Infolgedessen konnte im vorliegenden Fall nicht von einer offenbaren Unrichtigkeit ausgegangen werden. Anhaltspunkte für ein mechanisches Versehen, das zur Anwendung eines früheren Zinslaufbeginns geführt hatte, waren nicht ersichtlich. Vielmehr beruhte die Zinsfestsetzung auf einer, von der Rechtsauffassung der Kläger abweichenden, Anwendung des § 233a Abs. 2a AO. Doch ein solcher Fall wird von § 129 AO gerade nicht erfasst.

Auch kein Anspruch der Kläger auf Änderung der Zinsfestsetzungen gem. § 233a Abs. 5 AO im Hinblick auf die Änderung der Einkommensteuerfestsetzungen 2007 und 2008 schied aus. Fehler, die sich allein auf die Zinsfestsetzung beziehen und nicht von der Bindungswirkung des Steuerbescheids umfasst sind, wie etwa die Berücksichtigung eines unrichtigen Wertstellungstages oder sonstige Berechnungsfehler, können nicht über diese Vorschrift, sondern nur nach §§ 239 Abs. 1 i.V.m. §§ 172 ff. AO korrigiert werden. Klärungsbedürftig ist in diesem Zusammenhang somit die Frage, ob der Wegfall der Investitionsabsicht nach § 7g Abs. 3 EStG als rückwirkendes Ereignis in den Einkommensteuerfestsetzungsbescheiden festgestellt wurde, bzw. inwieweit eine solche Feststellung Bindungswirkung für den Zinslaufbeginn in den Zinsbescheiden entfaltet.

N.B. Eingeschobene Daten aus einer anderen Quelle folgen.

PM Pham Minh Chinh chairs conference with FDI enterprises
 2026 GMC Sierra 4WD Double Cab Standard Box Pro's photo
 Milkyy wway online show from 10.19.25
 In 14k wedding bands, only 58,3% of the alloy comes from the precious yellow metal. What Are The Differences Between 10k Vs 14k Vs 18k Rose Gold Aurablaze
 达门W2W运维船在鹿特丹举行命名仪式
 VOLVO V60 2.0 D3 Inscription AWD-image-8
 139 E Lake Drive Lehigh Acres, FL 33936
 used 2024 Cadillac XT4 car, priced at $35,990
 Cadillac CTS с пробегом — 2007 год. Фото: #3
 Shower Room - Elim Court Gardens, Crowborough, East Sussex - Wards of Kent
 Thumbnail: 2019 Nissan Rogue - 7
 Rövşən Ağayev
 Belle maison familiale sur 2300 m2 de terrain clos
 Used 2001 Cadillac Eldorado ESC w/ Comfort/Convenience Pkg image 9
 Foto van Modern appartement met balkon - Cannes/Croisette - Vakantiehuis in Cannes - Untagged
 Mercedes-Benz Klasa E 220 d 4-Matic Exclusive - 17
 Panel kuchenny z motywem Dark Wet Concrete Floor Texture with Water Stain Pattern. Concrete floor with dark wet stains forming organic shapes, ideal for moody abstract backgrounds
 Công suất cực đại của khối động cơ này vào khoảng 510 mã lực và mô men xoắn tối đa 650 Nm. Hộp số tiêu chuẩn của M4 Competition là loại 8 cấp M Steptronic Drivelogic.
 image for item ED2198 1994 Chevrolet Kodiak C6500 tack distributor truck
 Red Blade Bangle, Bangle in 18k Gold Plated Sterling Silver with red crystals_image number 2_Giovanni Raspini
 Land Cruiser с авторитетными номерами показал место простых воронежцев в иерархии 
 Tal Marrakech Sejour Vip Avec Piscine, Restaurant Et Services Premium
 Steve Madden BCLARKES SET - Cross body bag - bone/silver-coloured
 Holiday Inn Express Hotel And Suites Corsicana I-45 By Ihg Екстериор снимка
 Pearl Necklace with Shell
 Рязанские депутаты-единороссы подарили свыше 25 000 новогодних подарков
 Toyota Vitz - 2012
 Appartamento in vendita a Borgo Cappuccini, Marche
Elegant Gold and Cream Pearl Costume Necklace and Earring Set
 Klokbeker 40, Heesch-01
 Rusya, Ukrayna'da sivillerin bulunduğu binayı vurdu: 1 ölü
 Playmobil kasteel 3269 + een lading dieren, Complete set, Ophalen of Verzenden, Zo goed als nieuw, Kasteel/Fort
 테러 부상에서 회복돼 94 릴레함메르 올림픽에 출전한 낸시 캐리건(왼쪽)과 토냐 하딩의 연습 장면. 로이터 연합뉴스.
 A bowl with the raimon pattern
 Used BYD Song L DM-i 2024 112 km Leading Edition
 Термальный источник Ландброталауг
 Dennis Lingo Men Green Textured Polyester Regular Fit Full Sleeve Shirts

Gegen das Vorliegen einer solchen Feststellung im Streitfall sprach, dass sich den Einkommensteuerbescheiden 2007 und 2008 nicht entnehmen ließ, dass die durchgeführte Änderung auf einem rückwirkenden Ereignis gem. § 175 Abs. 1 Satz 1 Nr. 2 AO beruhte. In den Bescheiden wurde lediglich darauf hingewiesen, dass diese nach § 164 Abs. 2 AO geändert worden waren. Auch darüber hinaus ließ sich den Bescheiden nicht entnehmen, dass die Änderung auf eine Rückgängigmachung gem. § 7g Abs. 3 EStG zurück zu führen, geschweige denn zu welchem Zeitpunkt die Investitionsabsicht gem. § 7g Abs. 3 EStG weggefallen war.